MySpace on May 7 said it would open up its profile data to third-party sites. Two days later Facebook said it would let users connect their Facebook accounts to third-party applications and websites, and that it would also allow developers to incorporate Facebook friend data into other sites and applications. And Google announced FriendConnect, a service that lets website owners add social applications to their sites.
Sites are blending
So here we are, about 9 months later and these actions were pre-cursors to what many web watchers and social media gurus like Dan Schawbel & Christopher Penn, have been prophesizing: that social-media tools and services would spread throughout the wider web, rather than stay contained within a single service.
Forrester's Charlene Li is also one of those believers. She has described how social networks will be "like air." She writes on her blog: "I thought about my grade-school kids, who in 10 years will be in the midst of social network engagement. I believe they (and we) will look back to 2008 and think it archaic and quaint that we had to go to a destination like Facebook or LinkedIn to be social."
"Instead, I believe that in the future, social networks will be like air," she continued. "They will be anywhere and everywhere we need and want them to be." And we are seeing this transformation from such sites as MySpace and Facebook as they empower their users with the ability to move data and social connections to the broader web.
Even traditional media companies such as CBS understand the importance of spreading their social tools among third-party sites.

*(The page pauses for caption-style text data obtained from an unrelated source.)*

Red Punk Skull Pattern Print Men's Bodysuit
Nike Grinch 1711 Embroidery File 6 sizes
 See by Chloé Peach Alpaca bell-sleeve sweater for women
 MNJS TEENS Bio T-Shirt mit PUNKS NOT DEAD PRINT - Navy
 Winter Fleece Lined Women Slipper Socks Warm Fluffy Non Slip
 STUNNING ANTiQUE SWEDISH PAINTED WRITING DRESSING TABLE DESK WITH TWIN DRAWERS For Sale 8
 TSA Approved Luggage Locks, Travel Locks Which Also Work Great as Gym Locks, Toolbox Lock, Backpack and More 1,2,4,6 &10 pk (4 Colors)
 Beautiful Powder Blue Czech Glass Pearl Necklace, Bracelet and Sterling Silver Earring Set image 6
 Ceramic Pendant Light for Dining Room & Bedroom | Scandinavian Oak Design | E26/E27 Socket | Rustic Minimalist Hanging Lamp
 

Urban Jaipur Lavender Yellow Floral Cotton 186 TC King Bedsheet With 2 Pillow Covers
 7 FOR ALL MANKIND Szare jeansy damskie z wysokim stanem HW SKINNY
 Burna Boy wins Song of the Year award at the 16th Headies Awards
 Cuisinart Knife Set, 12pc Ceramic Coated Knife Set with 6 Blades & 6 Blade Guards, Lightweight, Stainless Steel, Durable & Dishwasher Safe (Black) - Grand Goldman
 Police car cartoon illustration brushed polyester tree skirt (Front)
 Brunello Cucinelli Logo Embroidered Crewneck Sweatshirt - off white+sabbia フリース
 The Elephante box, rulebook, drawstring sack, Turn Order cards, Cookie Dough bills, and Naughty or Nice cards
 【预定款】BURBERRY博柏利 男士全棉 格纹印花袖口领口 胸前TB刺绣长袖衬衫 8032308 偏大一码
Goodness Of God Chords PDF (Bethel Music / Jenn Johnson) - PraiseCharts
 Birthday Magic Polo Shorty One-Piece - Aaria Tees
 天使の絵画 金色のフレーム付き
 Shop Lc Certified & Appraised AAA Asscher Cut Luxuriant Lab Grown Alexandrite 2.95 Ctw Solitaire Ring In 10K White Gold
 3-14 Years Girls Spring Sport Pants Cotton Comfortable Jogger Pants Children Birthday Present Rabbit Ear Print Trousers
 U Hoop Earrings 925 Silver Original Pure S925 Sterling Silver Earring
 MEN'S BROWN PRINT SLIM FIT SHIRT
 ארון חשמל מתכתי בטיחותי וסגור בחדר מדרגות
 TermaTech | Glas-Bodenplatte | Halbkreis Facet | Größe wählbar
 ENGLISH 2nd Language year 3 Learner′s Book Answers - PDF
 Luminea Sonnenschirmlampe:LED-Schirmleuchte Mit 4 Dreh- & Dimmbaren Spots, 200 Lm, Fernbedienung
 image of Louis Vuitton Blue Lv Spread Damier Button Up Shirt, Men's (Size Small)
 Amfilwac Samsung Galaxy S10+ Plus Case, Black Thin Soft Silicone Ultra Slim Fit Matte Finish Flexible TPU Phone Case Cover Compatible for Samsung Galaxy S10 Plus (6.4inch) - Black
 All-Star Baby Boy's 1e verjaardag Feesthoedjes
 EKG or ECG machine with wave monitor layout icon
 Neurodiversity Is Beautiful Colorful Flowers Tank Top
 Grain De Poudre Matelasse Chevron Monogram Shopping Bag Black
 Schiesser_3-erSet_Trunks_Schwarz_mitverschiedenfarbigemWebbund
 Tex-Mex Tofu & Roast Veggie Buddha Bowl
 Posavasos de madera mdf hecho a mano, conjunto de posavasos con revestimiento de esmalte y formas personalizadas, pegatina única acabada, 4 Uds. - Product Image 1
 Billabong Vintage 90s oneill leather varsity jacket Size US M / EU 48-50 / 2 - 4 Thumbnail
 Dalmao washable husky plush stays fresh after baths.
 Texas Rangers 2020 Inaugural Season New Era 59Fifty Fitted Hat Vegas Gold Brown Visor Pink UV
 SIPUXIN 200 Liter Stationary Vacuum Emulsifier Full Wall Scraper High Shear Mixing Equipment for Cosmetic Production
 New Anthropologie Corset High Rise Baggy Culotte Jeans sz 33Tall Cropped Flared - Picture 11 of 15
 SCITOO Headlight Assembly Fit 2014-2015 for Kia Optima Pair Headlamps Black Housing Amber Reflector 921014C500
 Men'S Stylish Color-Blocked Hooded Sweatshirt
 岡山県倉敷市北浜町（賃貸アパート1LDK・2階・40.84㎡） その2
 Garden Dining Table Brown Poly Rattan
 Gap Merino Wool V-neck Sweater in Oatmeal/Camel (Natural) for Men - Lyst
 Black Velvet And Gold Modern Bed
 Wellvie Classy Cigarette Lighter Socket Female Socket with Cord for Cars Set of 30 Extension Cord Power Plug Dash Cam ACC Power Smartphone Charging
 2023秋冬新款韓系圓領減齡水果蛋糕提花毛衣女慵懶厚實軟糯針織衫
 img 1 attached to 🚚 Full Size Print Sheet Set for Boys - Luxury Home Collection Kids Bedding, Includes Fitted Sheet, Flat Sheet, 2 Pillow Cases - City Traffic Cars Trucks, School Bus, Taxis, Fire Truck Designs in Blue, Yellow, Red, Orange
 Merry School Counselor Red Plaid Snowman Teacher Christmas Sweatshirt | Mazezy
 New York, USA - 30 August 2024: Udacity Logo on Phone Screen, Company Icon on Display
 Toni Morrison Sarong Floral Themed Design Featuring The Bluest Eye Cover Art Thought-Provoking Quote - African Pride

CBS's hyper-syndication web-video strategy also includes technology that lets CBS viewers chat with each other while watching content, even if they're watching that content off CBS.com.
Listen up, marketers
So what does this mean for marketers? It means more consumers talking to each other across the web, and it means discussions around brands are no longer siloed to a single platform or network but are spreading to a wider swath of sites. Imagine just since May you can now easily take a conversation about a brand that's occurring on say,... Twitter and embed that into other sites.
Of course this also means that when a company fails to deliver on their "brand" promise, bad news will spread very fast. Someone who has put some understanding around this issue is Rohit Bhargava in his book, Personality not Included. And if you do nothing else but read the introduction excerpt, free, on his site, it will help you understand where marketing is headed in this brave new world and the need to put a consumer-friendly likable face on your company.
Add a social layer and become more interesting and engaging. Or to quote David Ogilvy, "You now have to decide what image you want for your brand. Image means personality. Products, like people, have personalities, and they can make or break them in the marketplace."